Bug 1221779

Summary: [xen-pv] Install VM, guest vnc console 'has no graphic display device' with 'grub2-x86_64-xen-2.06-150500.29.19.1.noarch' installed on xen host
Product: [openSUSE] openSUSE Distribution Reporter: Richard Fan <richard.fan>
Component: XenAssignee: Michael Chang <mchang>
Status: RESOLVED FIXED QA Contact: E-mail List <qa-bugs>
Severity: Major    
Priority: P1 - Urgent CC: bootloader-maintainers, jcao, mchang, mgrifalconi, rtsvetkov, santiago.zarate, volkan.oztuzun, zcjia
Version: Leap 15.5   
Target Milestone: ---   
Hardware: x86-64   
OS: openSUSE Leap 15.5   
Whiteboard:
Found By: --- Services Priority:
Business Priority: Blocker: ---
Marketing QA Status: --- IT Deployment: ---
Attachments: screen output with error messages

Description Richard Fan 2024-03-21 02:01:25 UTC
Xen host information:

#/usr/lib/grub2/x86_64-xen> cat /etc/*release
NAME="openSUSE Leap"
VERSION="15.5"
ID="opensuse-leap"
ID_LIKE="suse opensuse"
VERSION_ID="15.5"
PRETTY_NAME="openSUSE Leap 15.5"
ANSI_COLOR="0;32"
CPE_NAME="cpe:/o:opensuse:leap:15.5"
BUG_REPORT_URL="https://bugs.opensuse.org"
HOME_URL="https://www.opensuse.org/"
DOCUMENTATION_URL="https://en.opensuse.org/Portal:Leap"
LOGO="distributor-logo-Leap"

# rpm -qi grub2-x86_64-xen-2.06-150500.29.19.1.noarch
Name        : grub2-x86_64-xen
Version     : 2.06
Release     : 150500.29.19.1
Architecture: noarch
Install Date: Fri 15 Mar 2024 03:25:28 AM CET
Group       : System/Boot
Size        : 21336931
License     : GPL-3.0-or-later
Signature   : RSA/SHA256, Thu 29 Feb 2024 12:22:41 PM CET, Key ID 70af9e8139db7c82
Source RPM  : grub2-2.06-150500.29.19.1.src.rpm
Build Date  : Thu 29 Feb 2024 12:21:27 PM CET
Build Host  : h04-ch1c
Relocations : (not relocatable)
Packager    : https://www.suse.com/
Vendor      : SUSE LLC <https://www.suse.com/>
URL         : http://www.gnu.org/software/grub/
Summary     : Bootloader with support for Linux, Multiboot and more
Description :
The GRand Unified Bootloader (GRUB) is a highly configurable and customizable
bootloader with modular architecture.  It supports rich variety of kernel formats,
file systems, computer architectures and hardware devices.  This subpackage
provides support for XEN systems.
Distribution: SUSE Linux Enterprise 15


# rpm -qf /usr/lib/grub2/x86_64-xen/grub.xen
grub2-x86_64-xen-2.06-150500.29.19.1.noarch
-----------------------------------------------

## Bug Description 

When install VM on this xen host with "xen-pv" mode. the vnc console fails to show installation gui console and reports error messages "This VM has no graphic display device".

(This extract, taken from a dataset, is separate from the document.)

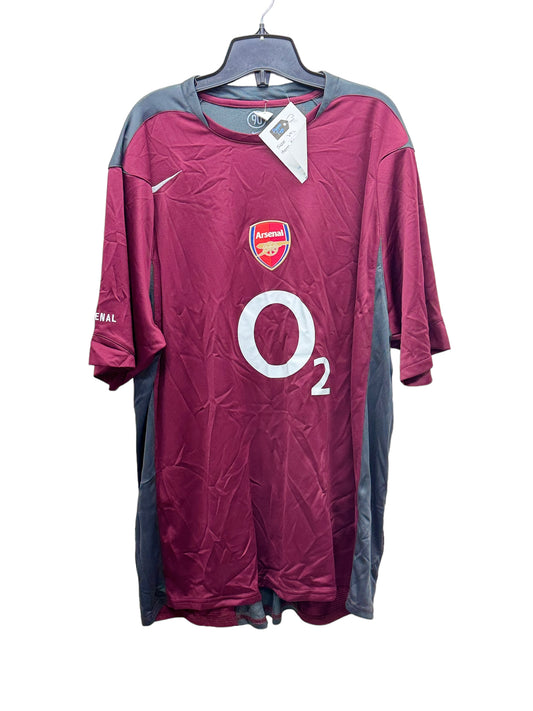 Nike Total 90 Arsenal Jersey Men's Half Sleeve T-Shirt Maroon - Size XXL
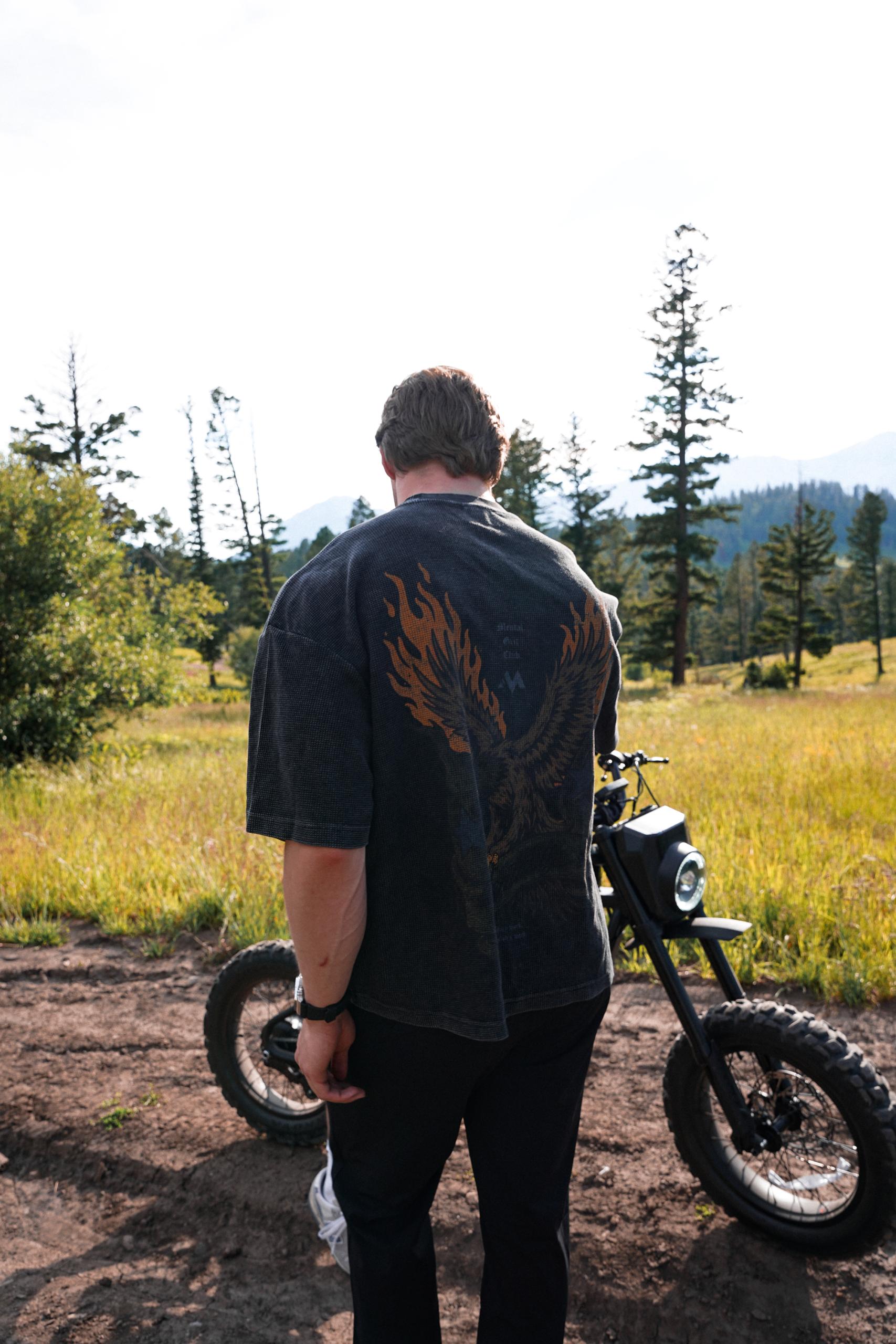 BURNING EAGLE VINTAGE WAFFLE TEE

Sample xen vm configuration file:

  <?xml version="1.0"?>
  <domain type="xen">
    <name>openQA-SUT-8</name>
    <description>openQA WebUI: openqa.suse.de (8): 13823703-sle-15-SP5-Online-QR-x86_64-Build137.7-ext4@svirt-xen-pv</description>
    <memory unit="MiB">1024</memory>
    <vcpu>1</vcpu>
    <os>
      <type>linux</type>
      <kernel>/usr/lib/grub2/x86_64-xen/grub.xen</kernel>
      <boot dev="cdrom"/>
    </os>
    <features>
      <acpi/>
      <apic/>
      <pae/>
    </features>
    <devices>
      <disk type="file" device="cdrom">
        <driver name="qemu" type="raw"/>
        <target dev="sda" bus="scsi"/>
        <source file="/var/lib/libvirt/images/SLE-15-SP5-Online-x86_64-Build137.7-Media1.iso"/>
      </disk>
      <disk type="file" device="disk">
        <driver name="qemu" type="qcow2" cache="unsafe"/>
        <target dev="xvdb" bus="xen"/>
        <source file="/var/lib/libvirt/images/openQA-SUT-8b.img"/>
      </disk>
      <console type="pty">
        <target type="xen" port="0"/>
      </console>
      <graphics type="vnc" port="5908" autoport="no" listen="0.0.0.0" sharePolicy="force-shared" passwd="xxxxxx">
        <listen type="address" address="0.0.0.0"/>
      </graphics>
      <interface type="bridge">
        <virtualport type="openvswitch"/>
        <model type="netfront"/>
        <mac address="00:16:3e:xx:xx:xx"/>
        <source bridge="br0"/>
      </interface>
    </devices>
    <on_reboot>destroy</on_reboot>
  </domain>

Then, we can see many installation failures in our automation tests like below:

https://openqa.suse.de/tests/13823703#step/setup_libyui/1 [please see attached file as well]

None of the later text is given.